Chickenhawk
- First edition
- Author: Robert Mason
- Language: English
- Subject: Vietnam War, Helicopter
- Publisher: Viking Press
- Publication date: August 1983
- Publication place: United States
- Media type: Print (Hardcover & Paperback)
- ISBN: 978-0-14-007218-1

= Chickenhawk (book) =

1983 book by Vietnam War veteran Robert Mason

Chickenhawk is Robert Mason's narrative of his experiences as a "Huey" UH-1 Iroquois helicopter pilot during the Vietnam War. The book chronicles his enlistment, flight training, deployment to and experiences in Vietnam, and his experiences after returning from the war.

== Writing, publishing, and reaction ==
Mason was encouraged to write his Vietnam memoir by Knox Burger, the editor of an author-friend of Mason (Bill Smith, better known as Martin Cruz Smith). He began writing Chickenhawk on May 17, 1979 while living in Florida. The first chapter written became the fifth chapter in the finished book. By February 1980, Mason had a 200-page partial manuscript (about one-third), and an outline of the rest of his memoir. Knox agreed to offer the book to publishers.

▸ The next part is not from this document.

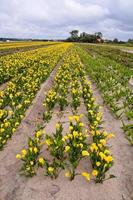 Field with flowers photo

While waiting to see whether Burger could sell the book, after several rejections (i.e. "it is good but no one wants to read about Vietnam"), Mason was running a paper route each night, 100 miles on back roads, and his car blew up. He decided to take a job sailing as a deckhand on a 30-foot boat to Colombia. As he puts it "I found out I could be bought." In January 1981 he was arrested with a boatload of marijuana from Colombia in a creek in South Carolina.

In early 1981, while awaiting trial on the criminal charges, Mason learned that Viking Press had purchased Chickenhawk and started work on finishing the book. He didn't tell Viking about the bust. He wrote steadily submitting each third of the manuscript on time.

By Christmas of that year, the manuscript was finished. Editing was completed by June 1982.

In the meantime, in March 1982, Mason was convicted on the smuggling charges. In August 1982, he was sentenced to five years in a minimum-security prison, but was allowed to remain free on bail pending an appeal of his conviction.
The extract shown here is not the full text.